** Opening Input for this task block **

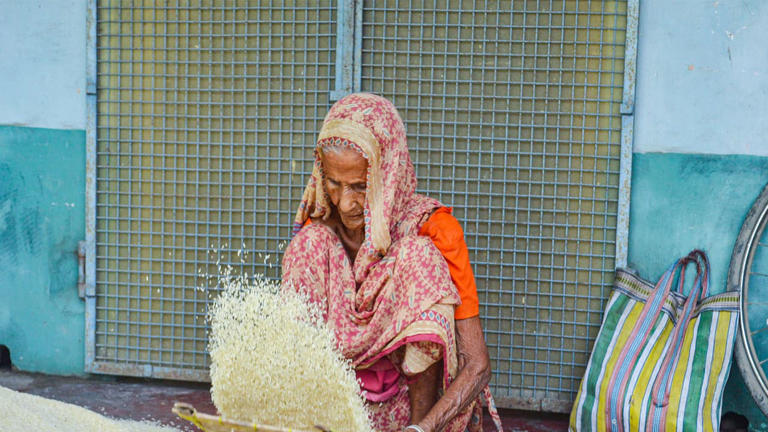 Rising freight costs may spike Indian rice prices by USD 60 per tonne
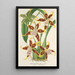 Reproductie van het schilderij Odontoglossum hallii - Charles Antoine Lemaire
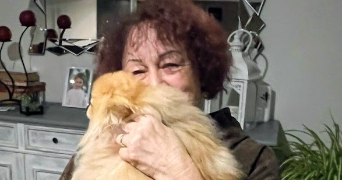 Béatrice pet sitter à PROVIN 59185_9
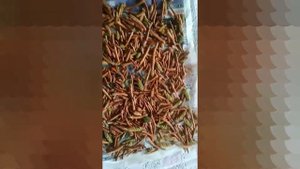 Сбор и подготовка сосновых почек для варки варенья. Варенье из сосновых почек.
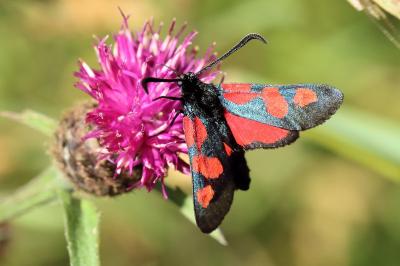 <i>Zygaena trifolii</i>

** Closing Input for this task block **
** Opening Input for this task block **

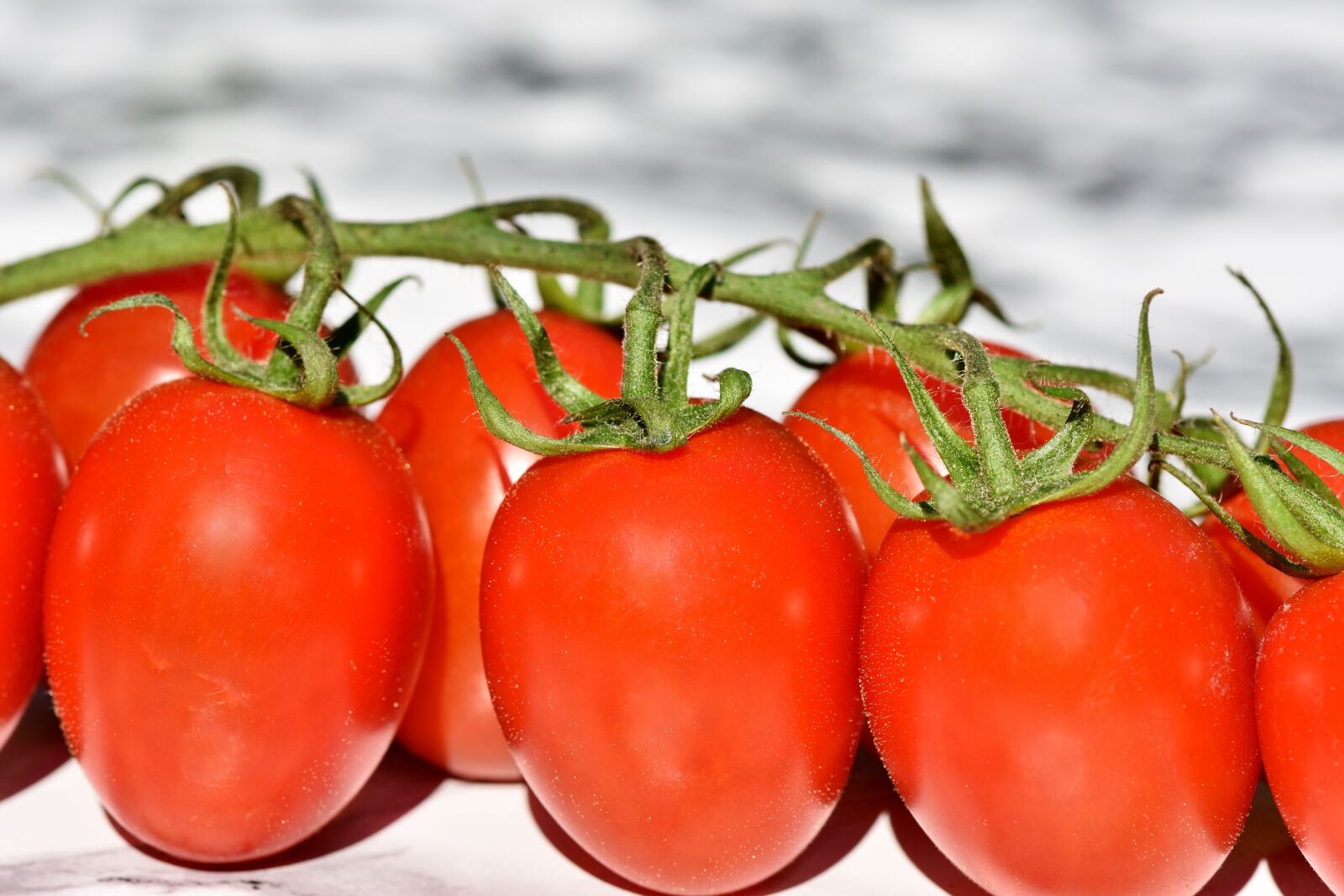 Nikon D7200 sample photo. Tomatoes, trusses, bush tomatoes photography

** Closing Input for this task block **
** Opening Input for this task block **

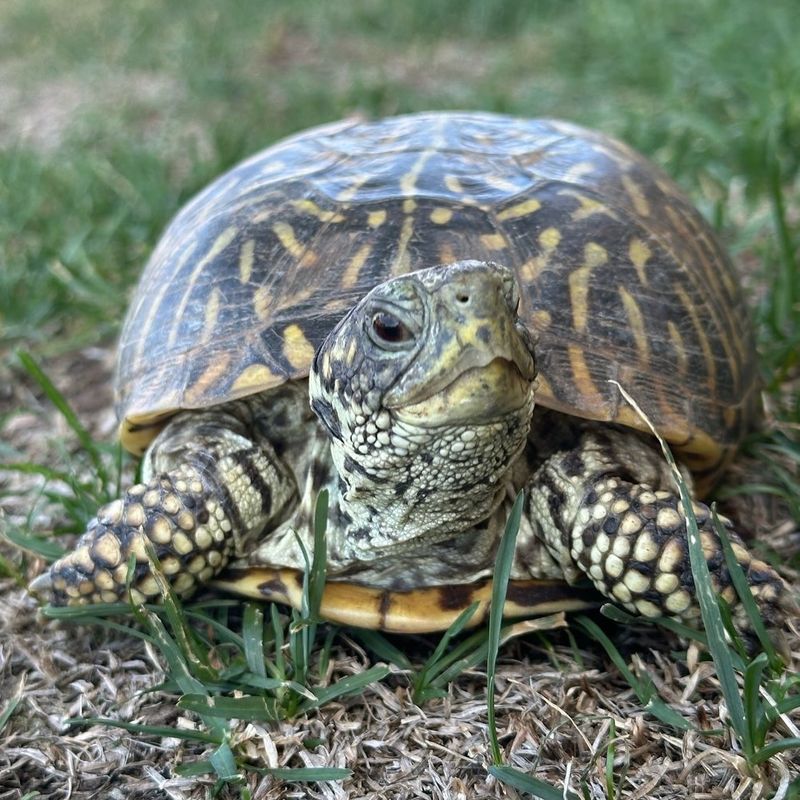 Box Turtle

** Closing Input for this task block **

Pictures aside, return exactly the lines from the data above, starting at the line that has "Rising freight costs" and ending at the line that has "<i>Zygaena trifolii</i>", both included.

**Task answer**.
 Rising freight costs may spike Indian rice prices by USD 60 per tonne
 Reproductie van het schilderij Odontoglossum hallii - Charles Antoine Lemaire
 Béatrice pet sitter à PROVIN 59185_9
 Сбор и подготовка сосновых почек для варки варенья. Варенье из сосновых почек.
 <i>Zygaena trifolii</i>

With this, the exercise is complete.